Your Guide to Property Investment - How to develop your money system - Part 2


In the previous issue, Bill Zheng, CEO of Investor's Direct outlined 15 different investment strategies highlighting their own unique characteristics and none being necessarily any better than the other when it comes to making money. In this second installment, he takes you one step further by tackling the Money System

To be a successful property investor I believe there are 3 different types of systems you need to master:
1. Property Systems
2. Money Systems - your capital plan, cash flow plan and finance plan
3. People Systems - your team and self management

However, it is the second system, your Money System, which determines whether you will achieve your property investing goals. Let's face it, property investors are in the business of making money. Property is the vehicle or asset class you as an investor have chosen to focus your efforts on.

Having a thorough understanding of money, how it works and understanding your own Money System is crucial in achieving financial independence through property investing, or for that matter, any type of business venture.

Why is having a system important? A good system allows you to stay away from unnecessary distraction while you are investing, most people know how to make some money every now and then, but very few can stick to a system long enough to reap the real benefit.

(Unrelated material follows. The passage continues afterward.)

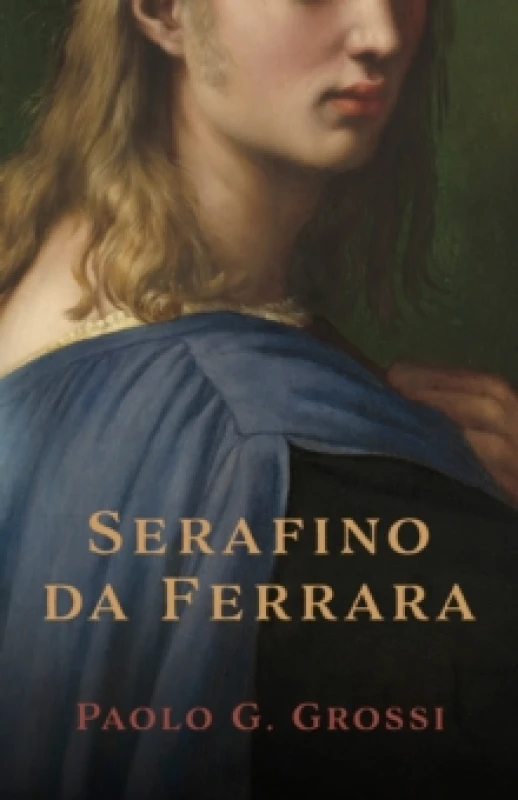 Image of Serafino da Ferrara Paperback / softback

Contrary to the widespread diversification theory, most wealthy individuals become wealthy by doing one thing really well first before getting into diversification, especially when they have very little to diversify at the beginning.

Before I jump into the discussion of Money Systems, it is worth mentioning that the best system can still be useless if one does not have the control to follow it.  So being accountable for our own actions goes hand in hand with a well defined system.

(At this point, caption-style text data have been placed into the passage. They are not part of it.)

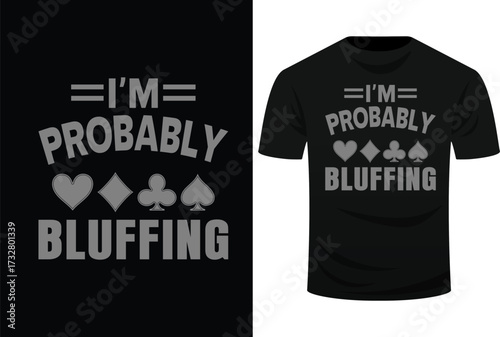 I'm Probably Bluffing Poker Distressed Gambling Cards Svg Design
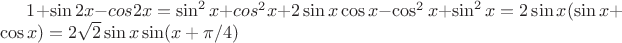 $1+\sin 2x-cos 2x=\sin^2x+cos^2x+2\sin x\cos x-\cos^2x+\sin^2x=2\sin x (\sin x+\cos x)=2\sqrt2\sin x \sin (x+\pi/4)$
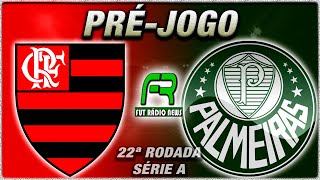 FLAMENGO X PALMEIRAS l CAMPEONATO BRASILEIRO l NARRAÇÃO [upl. by Andromede]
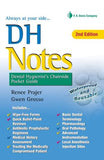 DH Notes: Dental Hygienist's Chairside Pocket Guide 2nd Edition (Davis' Notes)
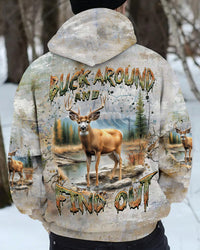 BUCK AROUND AND FIND OUT HUNTING DEER ALL OVER PRINT - YHHN2611241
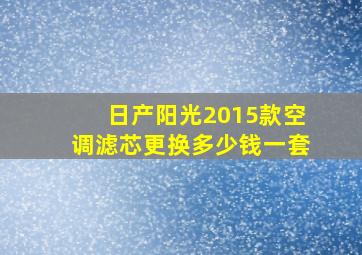 日产阳光2015款空调滤芯更换多少钱一套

Do you treat your property investment as a business?
We believe that investors should treat their property investment as a business, right from the time they purchase their first property, i.e. they should start with a business owner's mindset.

Why is this critical?
We have spent the last few years observing those people who have achieved financial independence.  We wanted to figure out how they did it.  We wanted to know what it is about those individuals that led them to achieve their goal of financial independence.  Most importantly, we wanted to discover what every single one of our clients can do to be more like them.

According to our research, 87% of the people who are financially independent are business owners and 13% are employees with strong financial discipline or people with exceptional talents with loyalty income. We found that the:

• Majority of the business owners never make it to financial independence;
• Majority of the self-employed people never make it to financial independence;
• Majority of the employees never make it to financial independence;
• Majority of the investors never make it to financial independence;

But for those who have made it to financial independence:
• Majority of them are business owners;
• Minority of them are employees who treat their investment like a business;
So obviously, business owners have some attribute, some characteristic that drives them to reach financial independence. 

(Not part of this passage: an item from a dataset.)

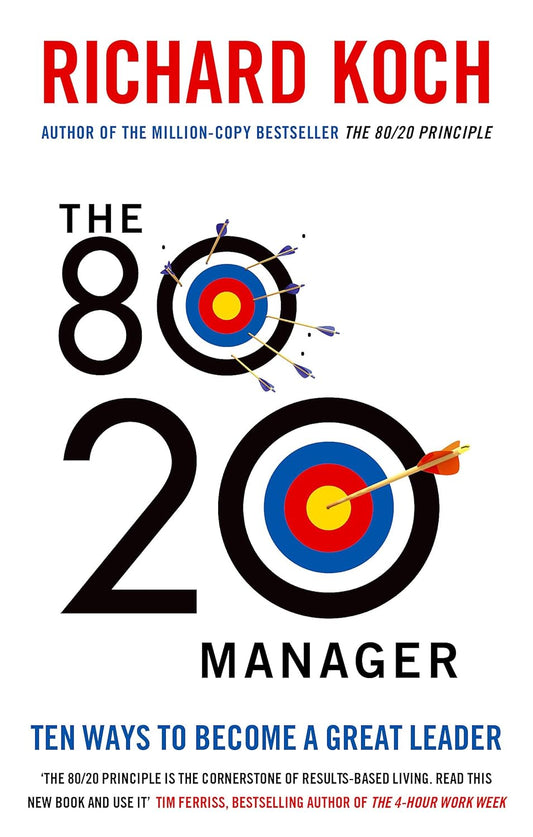 The 80/20 Manager (English, Paperback, Richard Koch)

What we discovered is that achieving financial independence has got very little to do with what you do for a living, i.e. it has got very little to do with whether you're a business owner or an employee.  But it has everything to do with your mindset. 

In other words, you can be a business owner but still thinking and acting like an employee (I call it business owners with an employee's mindset).  On the other hand, you can be an employee but thinking and acting like a true business owner (I call it employees with a business owner's mindset).

There are 3 mindset categories: Business owner, self-employed and employee (remember, they're not what you do for living, but just a mindset).  They are defined by how much financial accountability you take and how you build systems.
Mindset Category Financial Accountability System Building
Business Owner Mindset High - do or die High - create profitable systems for others to work in;
Self-Employed Mindset Medium - keeping busy Medium - at best, they're the system;
Employee Mindset Low - my boss's problem Low - working in a system  created by others, at best improving them;

All people who achieve financial independence have the Business Owner mindset, regardless of what they do. Why? Because only the Business Owner mindset combines building of profitable systems and taking 100% financial accountability.

It is possible for an employee to think like a business owner when it comes to investments.  We have plenty of clients who are employees that love their job and are not inclined to leave it, yet they achieve financial independence.  This happens because they treat their investments as a business with full financial accountability and build their own systems.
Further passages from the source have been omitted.